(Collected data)
========

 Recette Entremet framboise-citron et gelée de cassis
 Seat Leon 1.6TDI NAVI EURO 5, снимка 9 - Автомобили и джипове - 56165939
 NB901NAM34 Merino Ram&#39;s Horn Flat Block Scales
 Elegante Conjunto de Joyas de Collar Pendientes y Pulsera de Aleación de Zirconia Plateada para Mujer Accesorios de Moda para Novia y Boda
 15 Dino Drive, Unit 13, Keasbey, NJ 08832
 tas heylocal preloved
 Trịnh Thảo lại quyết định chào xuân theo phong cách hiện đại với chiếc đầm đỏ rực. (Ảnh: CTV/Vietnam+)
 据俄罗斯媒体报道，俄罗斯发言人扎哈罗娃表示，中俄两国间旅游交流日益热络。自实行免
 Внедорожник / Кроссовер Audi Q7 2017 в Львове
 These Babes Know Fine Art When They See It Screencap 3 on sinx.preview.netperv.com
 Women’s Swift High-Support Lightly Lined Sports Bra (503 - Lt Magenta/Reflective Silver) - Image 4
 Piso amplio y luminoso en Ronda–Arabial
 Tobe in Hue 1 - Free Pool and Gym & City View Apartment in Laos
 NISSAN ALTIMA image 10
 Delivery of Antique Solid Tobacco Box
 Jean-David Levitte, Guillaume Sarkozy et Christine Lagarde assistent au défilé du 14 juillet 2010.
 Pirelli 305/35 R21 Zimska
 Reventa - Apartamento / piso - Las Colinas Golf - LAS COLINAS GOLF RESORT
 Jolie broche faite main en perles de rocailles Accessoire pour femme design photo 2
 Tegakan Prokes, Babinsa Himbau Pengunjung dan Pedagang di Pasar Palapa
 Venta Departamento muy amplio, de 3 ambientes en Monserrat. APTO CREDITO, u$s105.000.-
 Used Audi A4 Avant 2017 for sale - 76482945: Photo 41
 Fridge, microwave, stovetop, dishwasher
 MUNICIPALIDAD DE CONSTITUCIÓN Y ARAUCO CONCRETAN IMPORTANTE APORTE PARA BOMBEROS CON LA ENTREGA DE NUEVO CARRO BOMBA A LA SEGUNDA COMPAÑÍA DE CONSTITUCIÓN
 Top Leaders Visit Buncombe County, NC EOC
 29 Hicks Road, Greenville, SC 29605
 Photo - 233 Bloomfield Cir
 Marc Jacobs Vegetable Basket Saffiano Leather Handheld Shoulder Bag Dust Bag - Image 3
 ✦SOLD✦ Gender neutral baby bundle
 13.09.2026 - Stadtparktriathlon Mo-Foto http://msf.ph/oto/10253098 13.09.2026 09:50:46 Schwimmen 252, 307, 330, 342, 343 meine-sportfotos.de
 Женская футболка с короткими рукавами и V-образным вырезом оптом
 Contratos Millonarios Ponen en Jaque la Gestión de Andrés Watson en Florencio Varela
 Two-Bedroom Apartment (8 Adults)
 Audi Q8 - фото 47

========

To do »
Filter the records above and copy every line that contains the word "Apartment".

Task result »
 Tobe in Hue 1 - Free Pool and Gym & City View Apartment in Laos
 Two-Bedroom Apartment (8 Adults)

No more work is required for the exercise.